How to complete this task. In the listing below, find the line with "1989 Chevrolet Suburban - photo 6" and the line with "Delicate Gold Leaf", then return them and every line between them exactly, minus the pictures.

Data shown.
* * * *
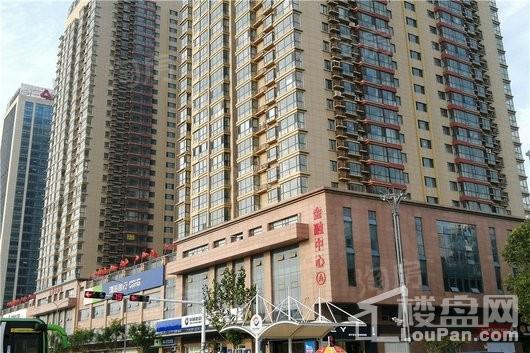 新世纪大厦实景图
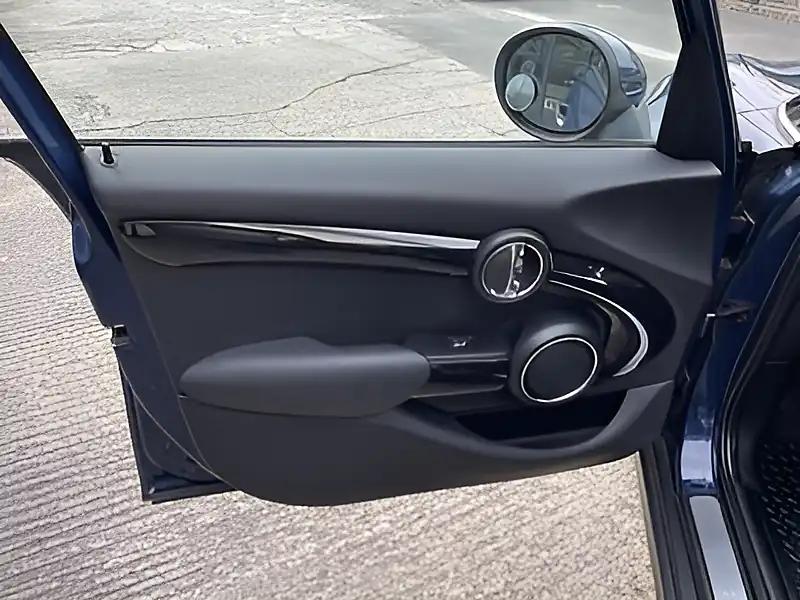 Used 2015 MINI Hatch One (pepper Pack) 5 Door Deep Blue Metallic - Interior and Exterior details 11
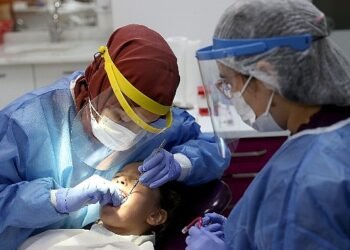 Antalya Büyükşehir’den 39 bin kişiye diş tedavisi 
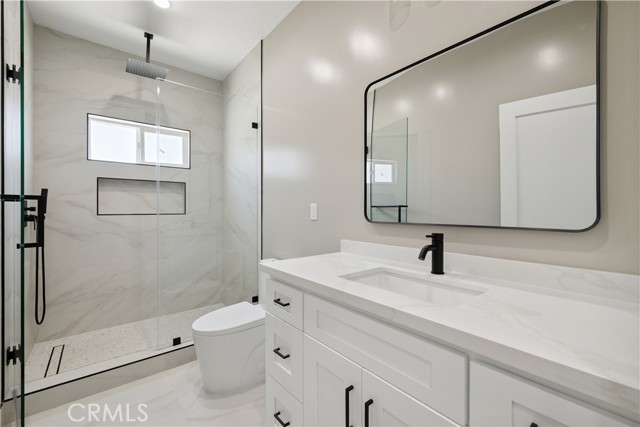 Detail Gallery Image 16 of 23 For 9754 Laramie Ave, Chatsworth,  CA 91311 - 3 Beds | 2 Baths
* * * *
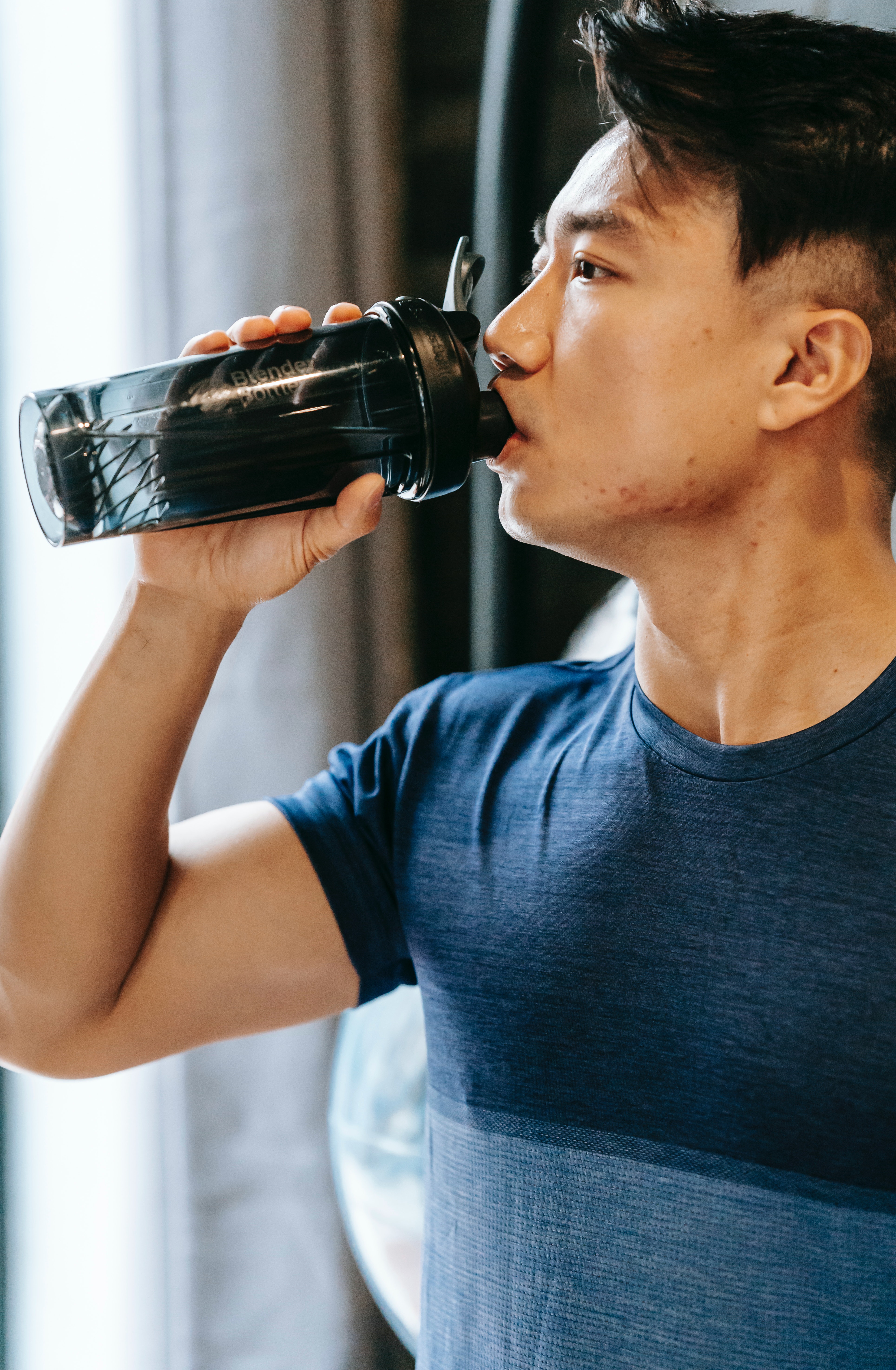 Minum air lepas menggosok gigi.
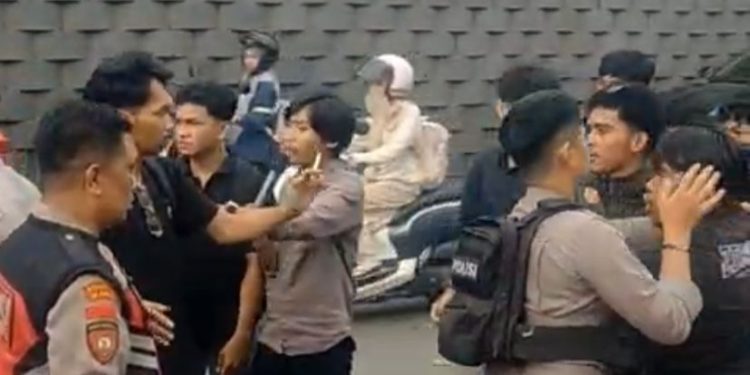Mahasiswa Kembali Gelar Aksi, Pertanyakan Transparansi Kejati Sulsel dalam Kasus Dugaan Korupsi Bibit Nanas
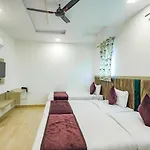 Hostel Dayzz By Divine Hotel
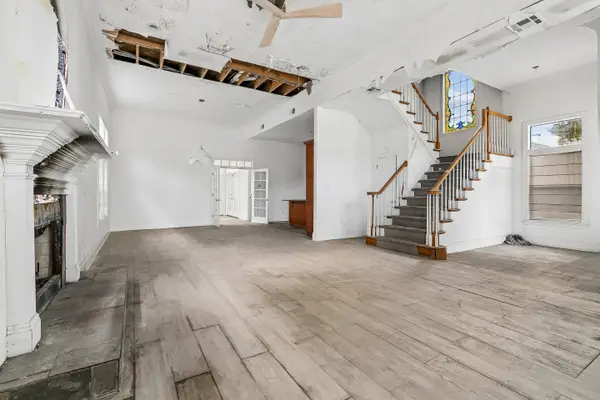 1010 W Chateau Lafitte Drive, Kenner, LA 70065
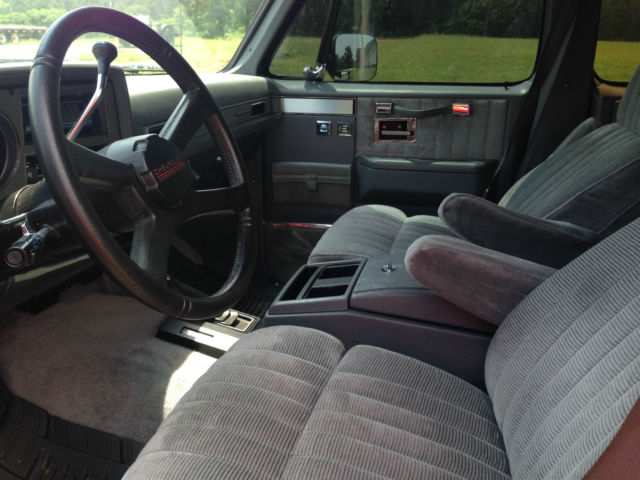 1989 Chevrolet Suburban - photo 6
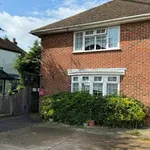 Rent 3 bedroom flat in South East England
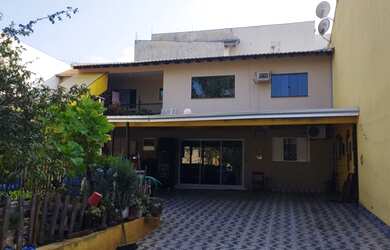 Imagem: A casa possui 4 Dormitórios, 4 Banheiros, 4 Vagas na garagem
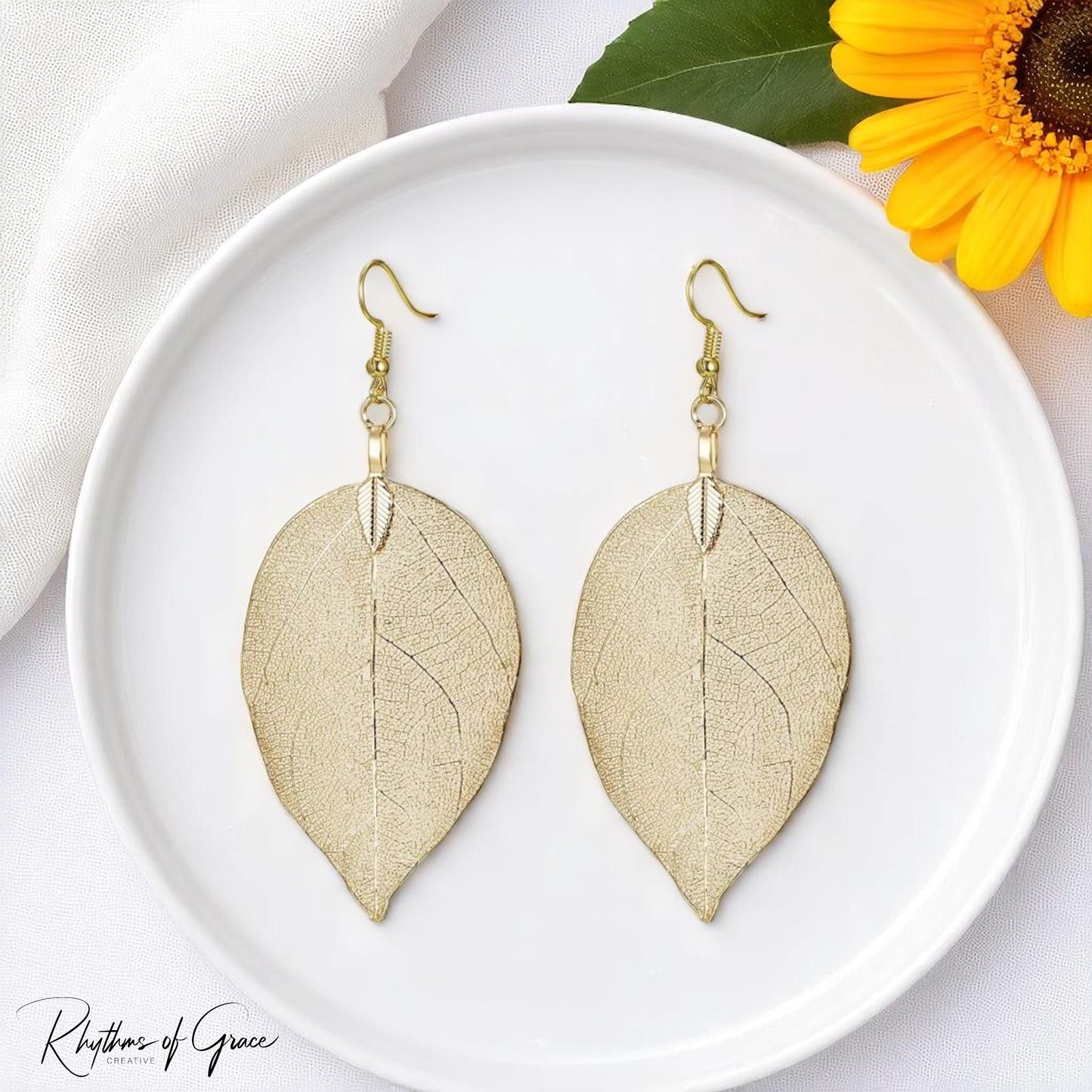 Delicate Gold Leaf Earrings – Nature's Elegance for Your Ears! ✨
* * * *
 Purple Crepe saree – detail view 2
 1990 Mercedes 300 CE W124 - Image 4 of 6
* * * *
Response.
 1989 Chevrolet Suburban - photo 6
 Rent 3 bedroom flat in South East England
 Imagem: A casa possui 4 Dormitórios, 4 Banheiros, 4 Vagas na garagem
 Delicate Gold Leaf Earrings – Nature's Elegance for Your Ears! ✨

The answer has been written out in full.